1. Remove your old brake pads. Make sure to note the way the brake pads are attached. They will usually snap in or clip in, and they are attached using metal clips. Remove each of the old brake pads. It may take a bit of effort to pop them out. Work carefully so you can avoid damaging the caliper or brake line as you are removing the pads.
Check your brake rotors for heat damage, cracks, or warps. Make sure to repair or replace them when it is necessary. It is recommended that you replace or resurface your rotors during the process of replacing your brake pads.
2. Put the new brake pads on. Once you reach this step, you can add anti-seize lubricant onto the contact edges and on the back of each brake pad. This lubricant will reduce squeaking. It is necessary to make sure that no lubricant reaches the insides of each brake pad. If lubricant comes into contact with that material, the brake cannot provide sufficient friction. This will make it useless. Once this is done, attach your new pads in the exact manner the old brake pads were attached.
3. Check your brake fluid. If your vehicle has a low level of brake fluid, this is the ideal time to add some. Just make sure you put the brake fluid reservoir cap back on when you are done.
4. Replace the caliper. Begin by slowly sliding the caliber back over the brake rotor. Do this with ease and caution to avoid causing any damage. Replace or tighten bolts that keep the caliper in it;s place.
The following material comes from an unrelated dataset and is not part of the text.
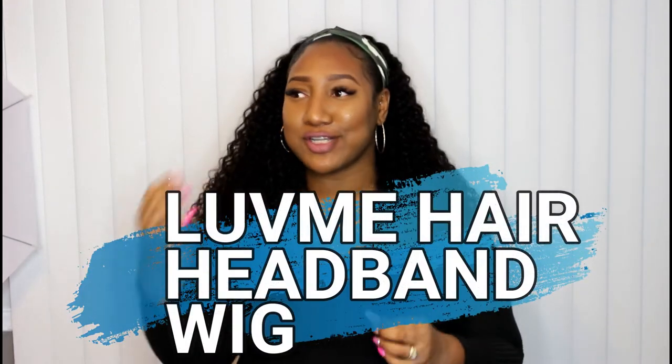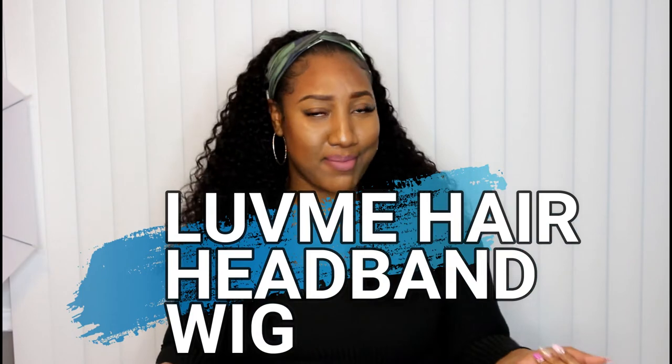Hey, hello! It's Nata Munro, welcome back to my channel. I am so excited — I have been scrolling through Facebook and Instagram seeing Love Me Hair's ads for the headband wig. I normally wouldn't go for something like that, but they reached out to me, so yes, we are collaborating again. They asked if I wanted to try the headband wig and of course I said let's do it.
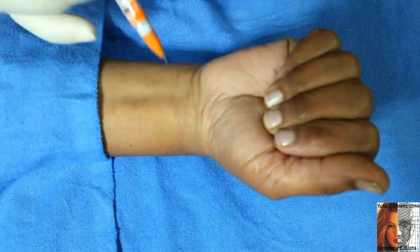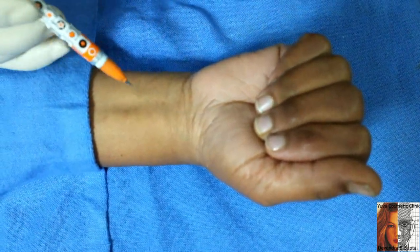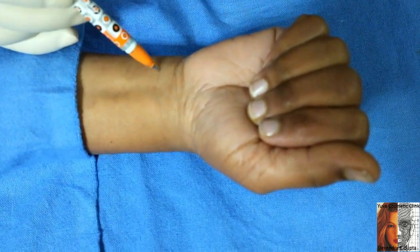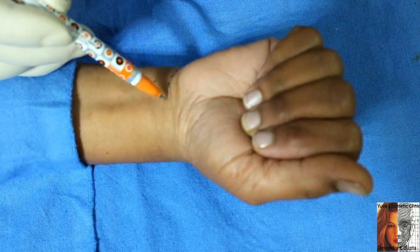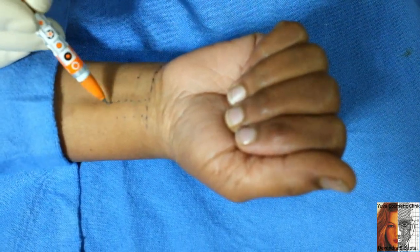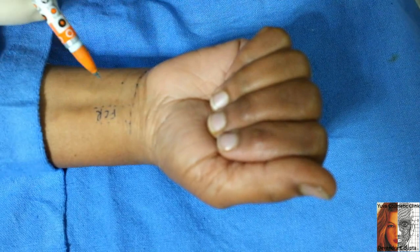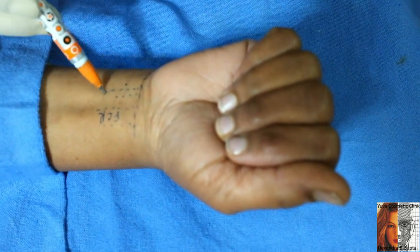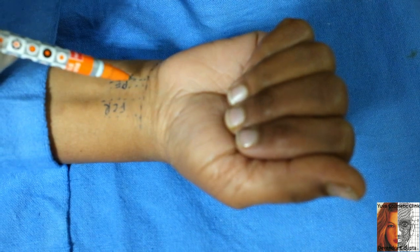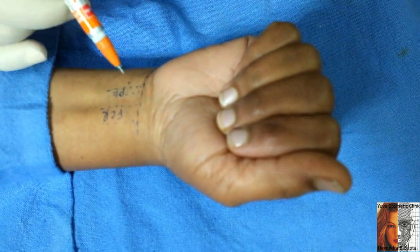The anatomical landmark for the entry of the needle is one centimeter above and one centimeter away from the distal palmar crease. This is the distal palmar crease, this is the flexor carpi radialis tendon, and this thin tendon is the palmaris longus. The nerve is somewhere in between the flexor carpi radialis and the palmaris longus tendon.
5. Slide the wheel back on. You can put it into place, then hand tighten each individual lug nut prior to lowering your car.
6. Continue tightening the lug nuts. Once you put your car back onto the ground, use a “star” pattern to further tighten the lug nuts. Begin by tightening one lug not, then move to the one across from it. Repeat this process until each of them is completely tightened to meet torque specifications.
Review your owner’s manual to locate your vehicle’s unique torque specifications. This ensures that each lug nut is tightened properly, which will prevent over-tightening or stop the wheel from coming off.
8. Test out the new brake pads. Drive 5 MPH or less on a noiseless residential street, and then brake as you normally would. If your vehicle comes to a stop normally, continue the test while going about 10 MPH. Continue repeating this test multiple times, but gradually increase your speed to 35-40 MPH (56 KM/H or 64 KM/H). Also perform this test in the reverse position. Performing these tests will ensure that you eliminate any issues with the installation of your brake pads. This helps you confidently drive down main streets and effectively “seats” the brake pads into their proper position.
Keep your ears open to detect any possible problems. Your new brake pads might squeak to some extent. However, if you hear a grinding sound that sounds like metal scraping against metal, you may have your brake pads on incorrectly. If your brake pads are improperly facing out, you should correct them immediately.